Synchronization with Crowd directory fails intermittently - SAXParseException
Platform Notice: Server and Data Center Only - This article only applies to Atlassian products on the server and data center platforms.
The full synchronization between a Crowd directory and other Atlassian applications fails within the same time period, e.g. Jira synchronization always fails after 30 seconds.
Incremental synchronization works most of the time, but depending on the number of records being synced, it can fail intermittently.
- Atlassian Crowd (Server or Data Center)
- Any Atlassian application syncing to Crowd behind a Load Balancer
The error message may change according to the application trying to sync with Crowd.

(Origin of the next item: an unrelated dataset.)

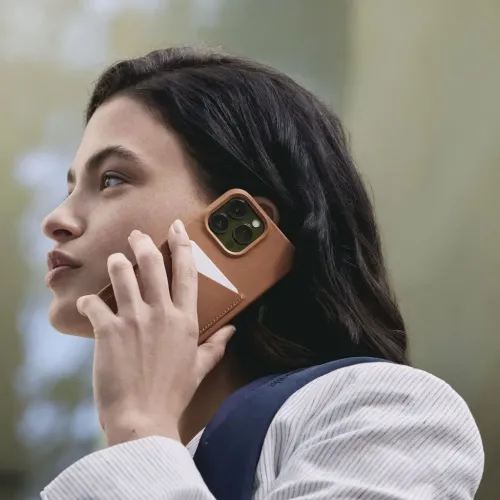 Helepruun nahkümbris kaardihoidjaga iPhone, mida hoitakse kõrva ääres; lähedalt on näha kolm kaameraobjektiivi ja valge kaardiserv.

For example, when Jira tries to sync with Crowd and it fails, a Parsing Exception, due to a premature end of the XML file, is thrown at the application logs :
2020-06-12 00:56:01,389 Caesium-1-3 INFO ServiceRunner [c.a.crowd.directory.DbCachingRemoteDirectory] failed synchronisation complete for directory [ 10000 ] in [ 48878ms ] 2020-06-12 00:56:01,461 Caesium-1-3 ERROR ServiceRunner [c.atlassian.scheduler.JobRunnerResponse] Unable to synchronise directory com.atlassian.crowd.exception.OperationFailedException: javax.xml.bind.UnmarshalException - with linked exception: [org.xml.sax.SAXParseException; lineNumber: 3443; columnNumber: 16; Premature end of file.]
The load balancer in front of the application that is trying to sync with Crowd has a gateway timeout set to a value lower than it needs to complete the full sync.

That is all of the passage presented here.